## Exercise brief
Print the data exactly. Pictures stay out.

## Data

━━━━━━━━

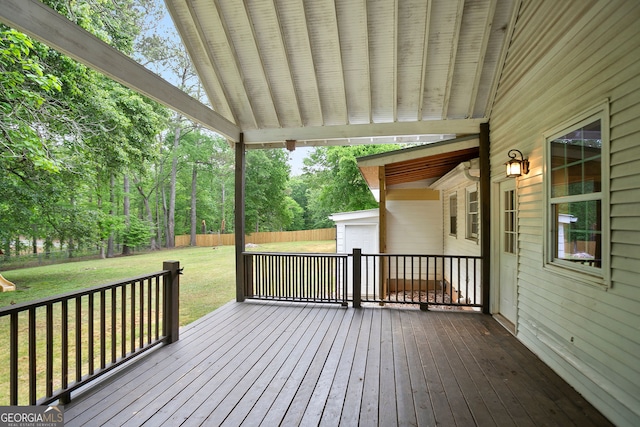 deck with a lawn, a garage, and a fenced backyard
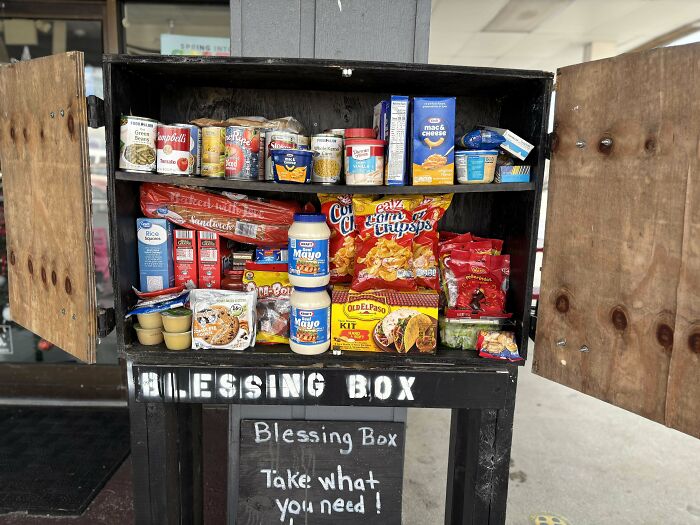 Blessing Box filled with various food items, open for community sharing, highlighting dumpster diving finds.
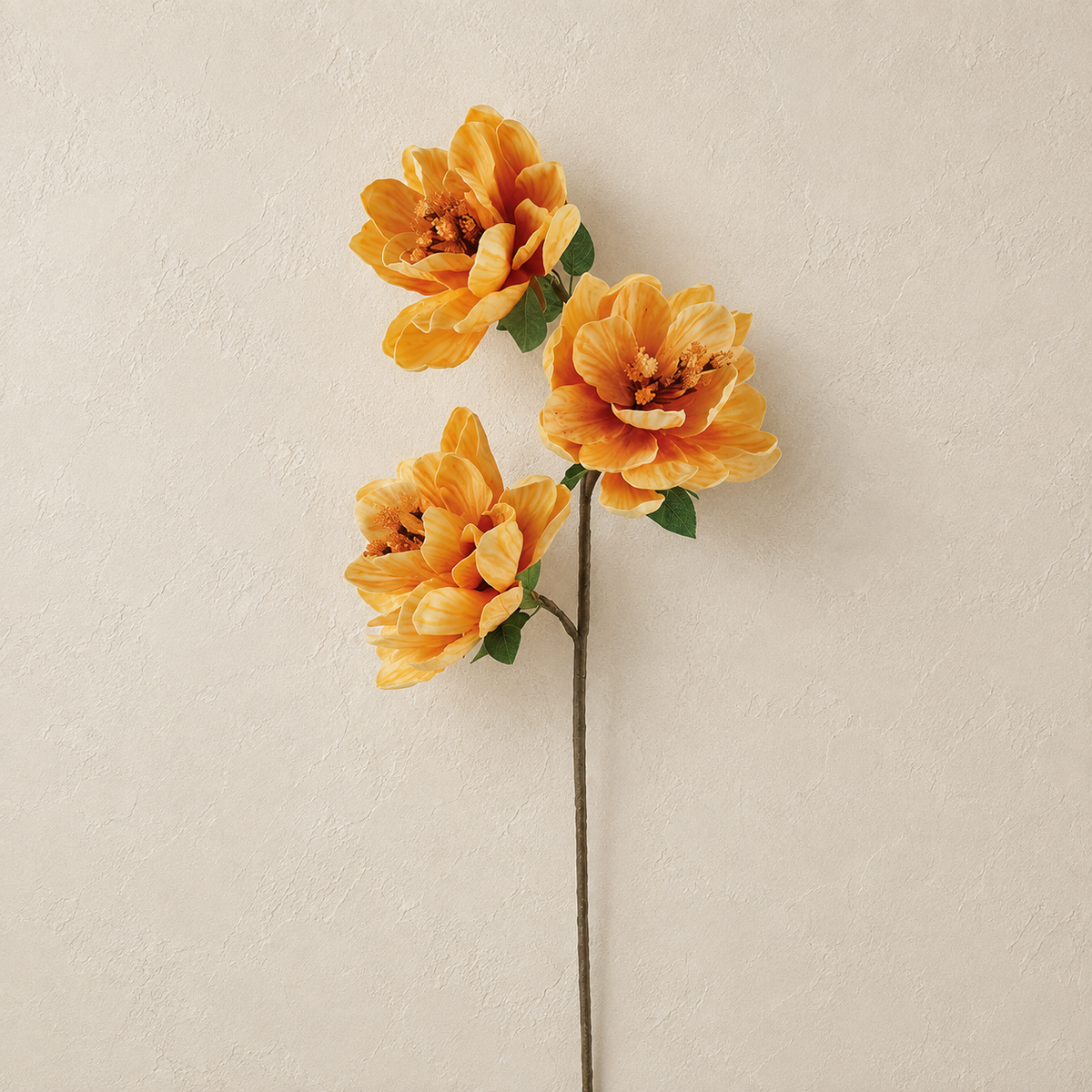 Three artificial orange peony-style flowers with green leaves and stems, arranged against a textured beige wall.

━━━━━━━━

## Task response
 deck with a lawn, a garage, and a fenced backyard
 Blessing Box filled with various food items, open for community sharing, highlighting dumpster diving finds.
 Three artificial orange peony-style flowers with green leaves and stems, arranged against a textured beige wall.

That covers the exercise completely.